Often, metrics are derived from other metrics. They may represent the same value, but normalized or rescaled to allow for more general comparison.

As such derived functions are not dependant on the explainer, but rather on the already defined metrics, you should not need to implement them for each explainer but only once for all of them.

To solve this, Astrapia provides the Transfer module. By defining a new metric in terms of other metrics, the new metric can be applied to all explainers

Adding transfer functions

In this example we will implement the area_absolute_log metric.
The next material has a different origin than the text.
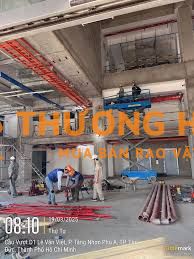 Tuyển kỹ sư báo cháy hệ địa chỉ tại Tp.Thủ Đức
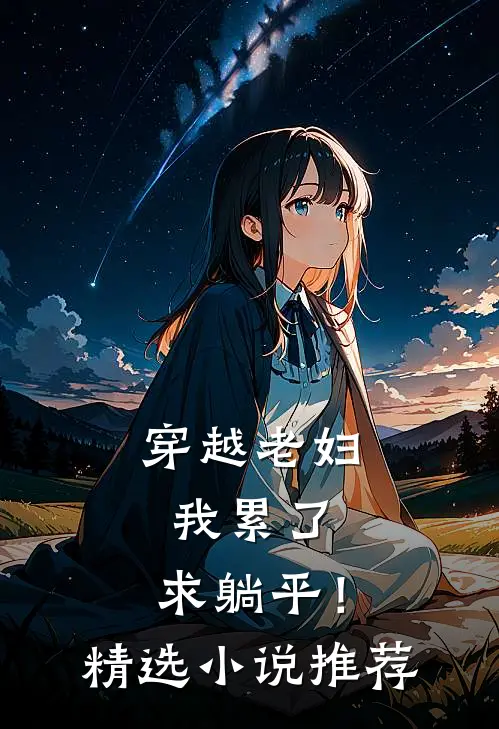 穿越老妇：我累了，求躺平！精选小说推荐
As absolute area tends to grow exponentially with the number of dimensions the explainer considers, comparing them in the log domain is visually much more appealing.

astrapia.transfer.add_transfer(f)

Add a transfer function to the list of all global transfer functions.

Parameters:

f – The transfer function to add.

from astrapia import transfer # import the transfer module
import math # import math for the log function

# define a new metric depending on the *area_absolute* metric
def area_absolute_log(area_absolute):
    return math.log(area_absolute()) # remember, metrics are functions (not values)

add_transfer(area_norm) # add the metric to the global transfer module

Now every explainer that has defined the area_absolute metric will be able to infer the area_absolute_log metric.

Utilizing transfer functions

To save on unnecessary computation time, explainers by default do not infer any metrics. Inferring metrics needs to be explicitly started.

exp = LimeExplainer(...) # instantiate an explainer
exp.infer_metrics() # apply derived metrics on the explainer

Alternatively, the use_transfer function can be used directly

astrapia.transfer.use_transfer(obj)

Use the transfer functions on an object. Will add new attributes to the object.

Parameters:

obj – The object to use the transfer functions on.